Contract for the supply of lunch by McDonalds Fast Foods
This is a contract I entered into with the McDonalds Fast Food for the delivery of lunch every Saturday during my stay in High School. The legal issues herein include the following. One, the fact that I was under eighteen being only seventeen. This means I was entering into the contract as a minor. It, therefore, introduces the question as to whether the contract was for necessaries or not. Given that lunch was availed at the school kitchen, it made the contract fall out of the province of necessaries. Secondly, the contract was entered on a gentleman agreement, devoid of any legal documentation. Both parties signed a hurriedly drafted document. This introduces a legal question as to contract’s legality.
Nonetheless, I find the subject matter falling under a contract that would be void at the option of the offeror. This is because the relation had an offer, acceptance and consideration. The offer is the service or product that has to be delivered for effective performance to be assumed. The acceptance refers to the undertaking that could be active or passive by the other party to take the offer, rely on it and pay consideration for the same. The consideration is the payment either in cash of kind that the offeror pays the offeree for the received offer. In the relation in question, the offer was the undertaking to deliver lunch by McDonalds every Saturday during my stay in High School. The acceptance was my taking of this offer, reliance on the same and payment for it. The consideration was the money I parted with in return for the received delivery.

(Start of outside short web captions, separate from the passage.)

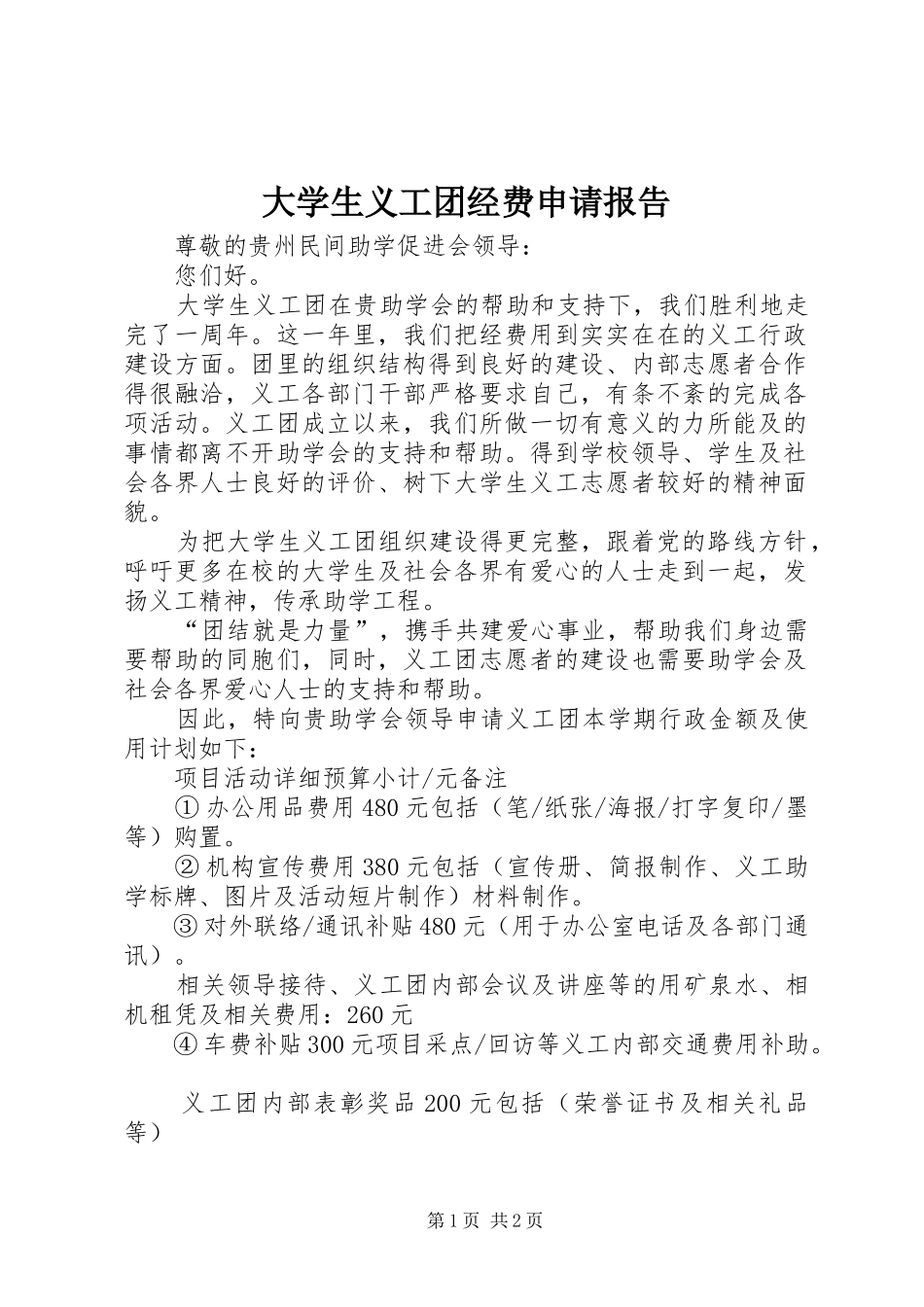 2024年大学生义工团经费申请报告_第1页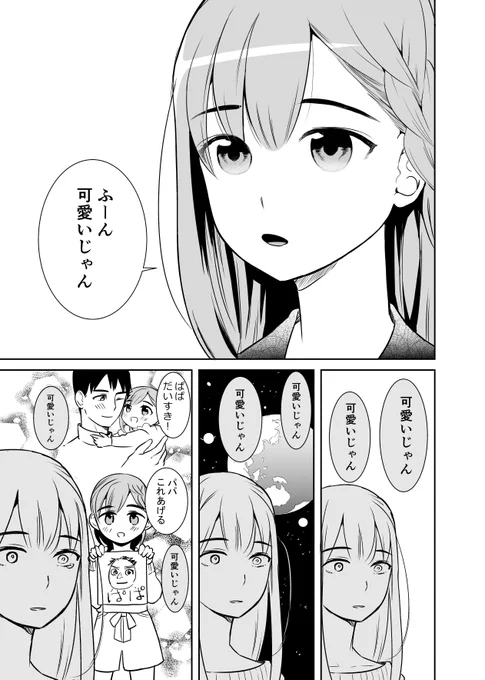 (2/2) 
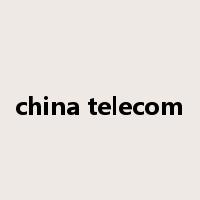 china telecom是什么意思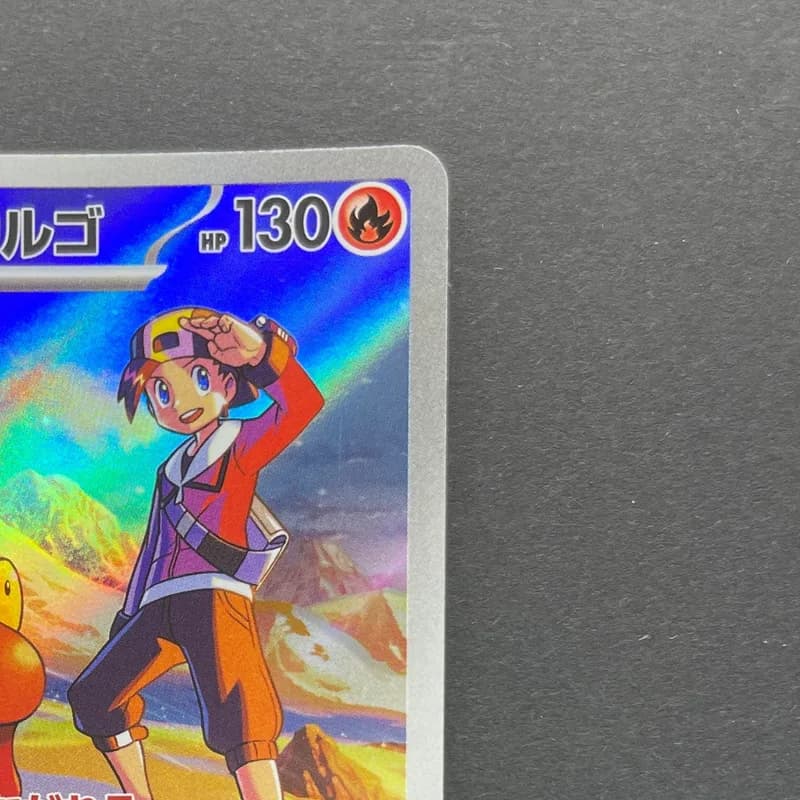 Ethan's Magcargo AR 197/193 Pokemon card Mega Dream ex M2a (1.NM) thumbnail 3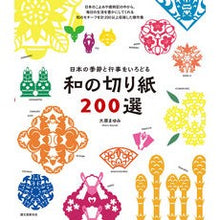 画像をギャラリービューアに読み込む, 和の切り紙２００選
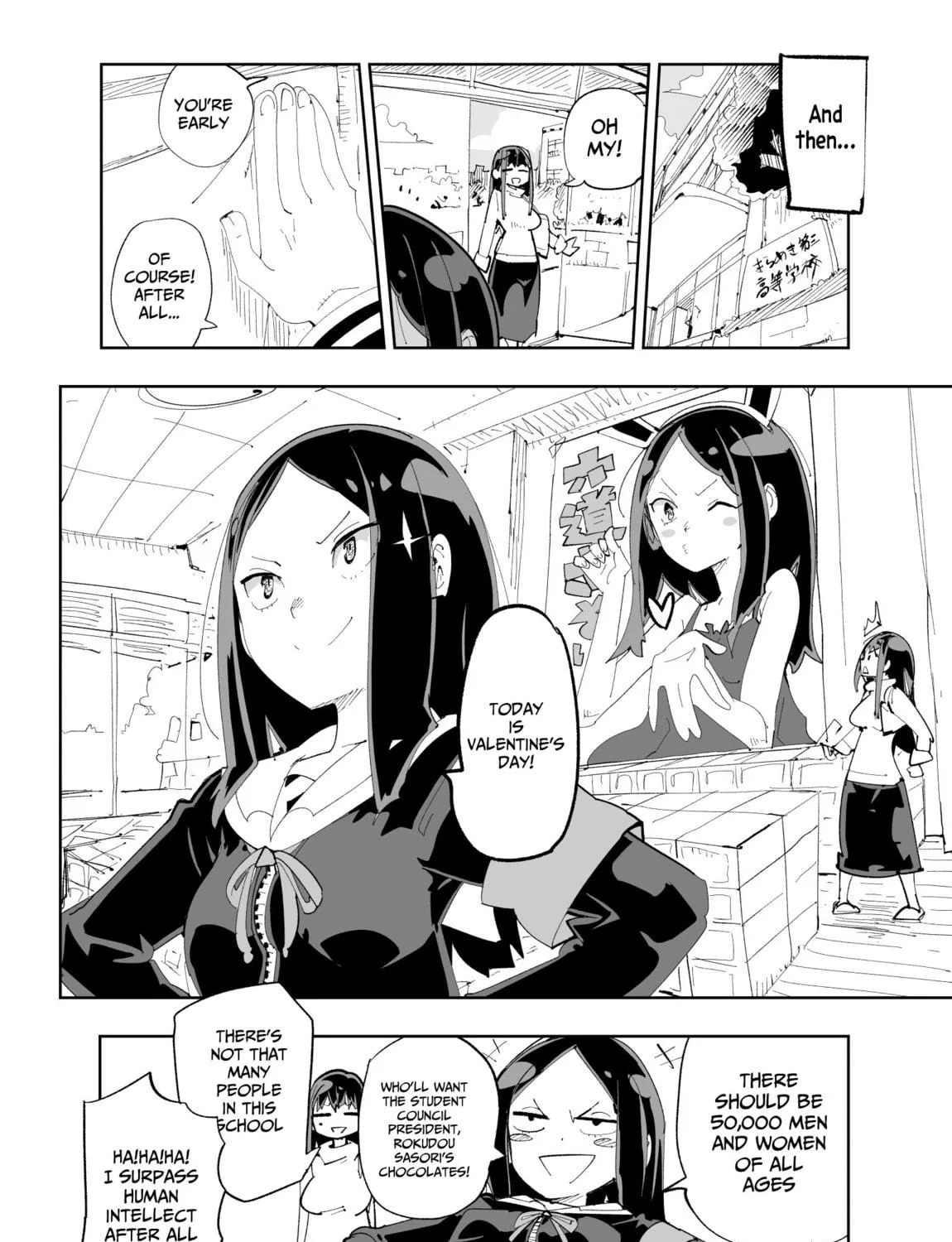 Spill It, Cocktail Knights! Chapter 24 page 19 - 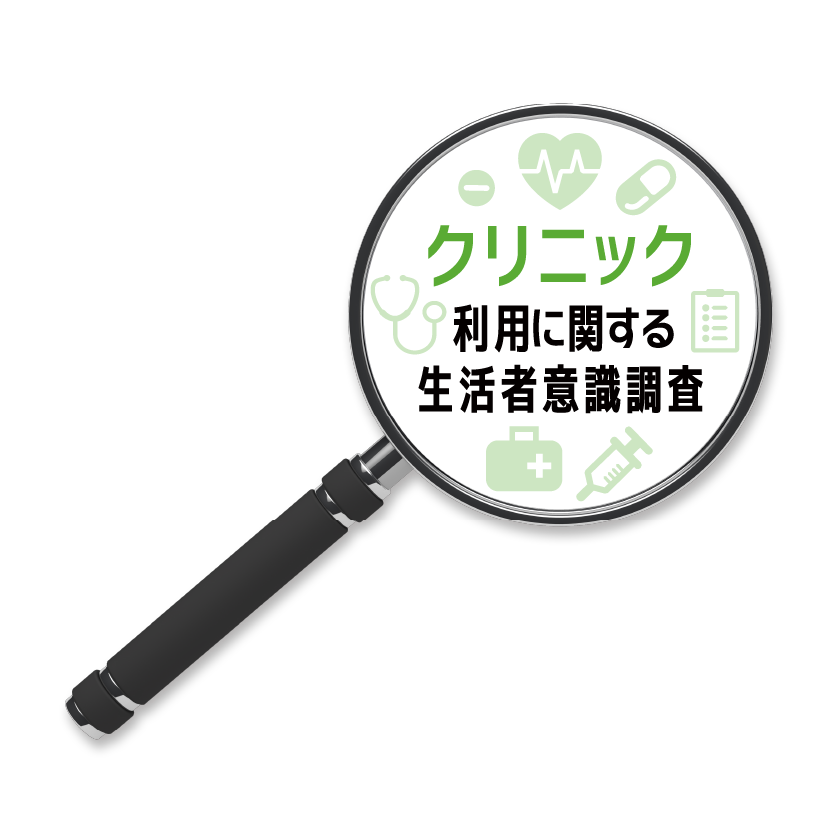 クリニック 利用に関する 生活者意識調査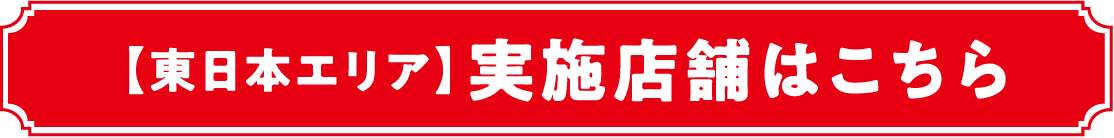 【東日本エリア】実施店舗はこちら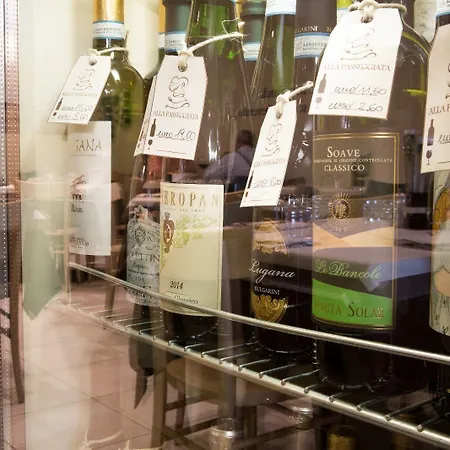 阿拉帕赛吉塔住宿加早餐旅馆 住宿加早餐酒店 布索伦戈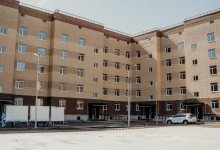 Жилищный баланс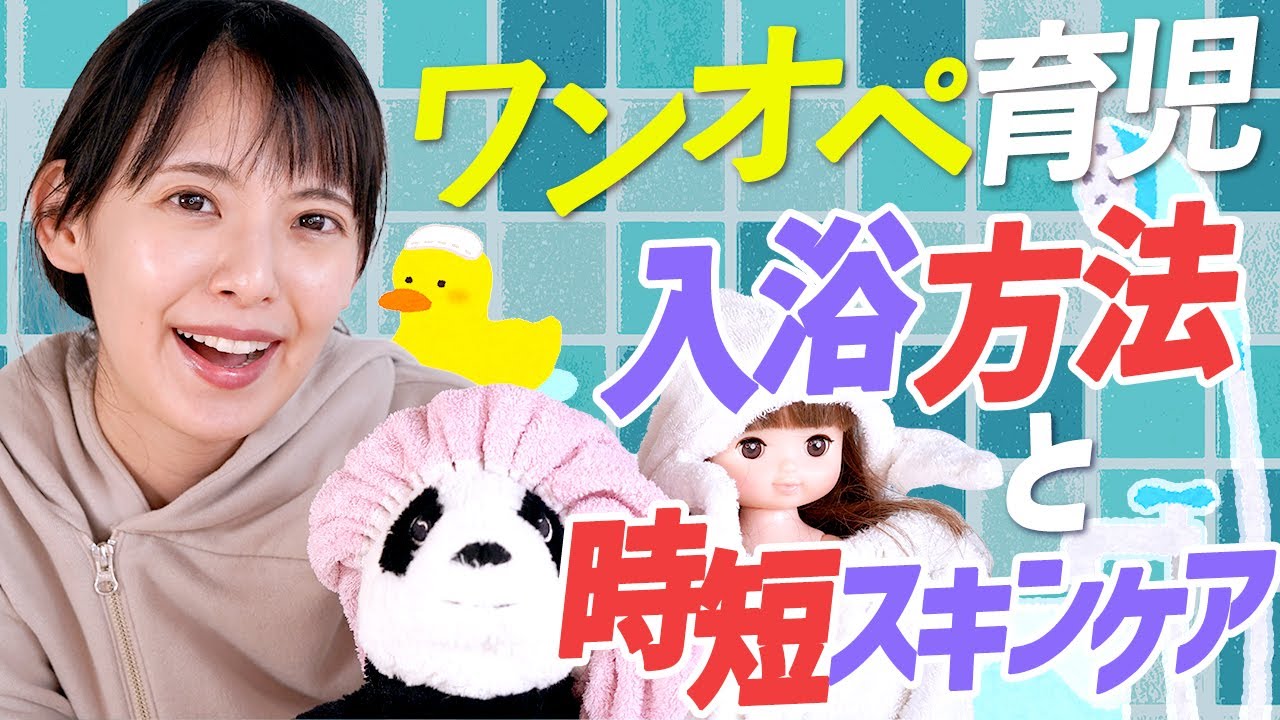 2人育児 ２人の子供たちをママ1人でお風呂に入れる方法と時短スキンケア紹介 ワンオペ Youtube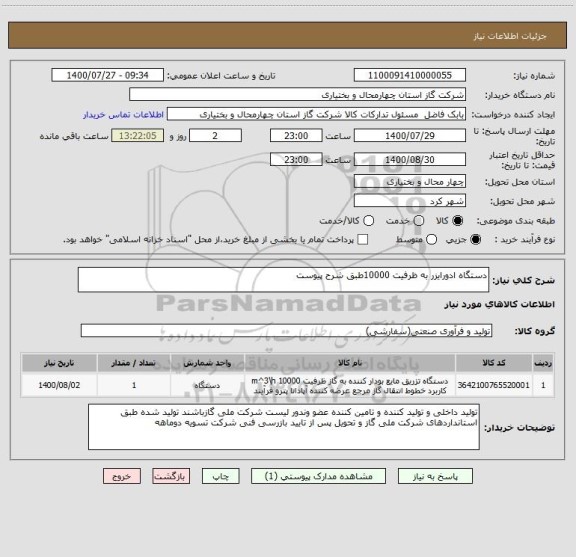 استعلام دستگاه ادورایزر به ظرفیت 10000طبق شرح پیوست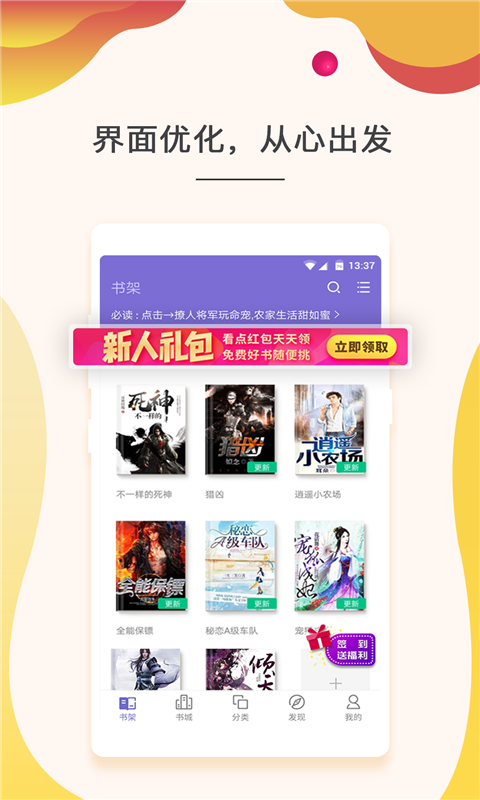 快看免费小说  v3.9.2.3068图4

If I were to enter the contract now given the additional contract knowledge I have received, I would approach it differently. For starters, the contract fell under the province of voidable contracts at the option of the weaker party. This is because of my status as an underage that denies me contractual capacity. The food was not a necessity and would not be excused by the rule of necessities. I would, therefore, would have been reluctant to pay my bills given the contract was illegal per see as it was between one party that ordinarily enjoys no contractual capacity and another party that has contractual capacity. In addition, given the parity in contractual capacity, it is evident that one party was weaker and the other stronger in the engagement. This should have been remedied as the law of contract envisions a scenario where both parties have equal strengths and bargaining ability. To navigate this situation, I would have engaged McDonalds through my teacher who being an adult had the full contractual capacity and could act on my behalf.
This contract raises ethical issues that go into the spirit of contract of necessities. How practical is the implementation? One has to interrogate the spirit of the law in making voidable contracts outside the province of necessities and why entities and persons still disrespect that provision and engage in contracts with parties that do not have contractual capacity. The ethical question that comes is the utility of this law and whether it meets society’s needs. My position is that the provision is good for it protects weaker parties with lower bargaining powers from exploitation by stronger parties.
References
Emerson, R. W. (2009). Business Law. New York: Barron's Educational Series.
MacMillan, C., & Stone, R. (2012). Elements of Law of Contract. University of London International Programmes, 1-245.
Peter, E. (2009). The Modern Law of Contract: Eighth Edition (8 ed.). London: Routledge.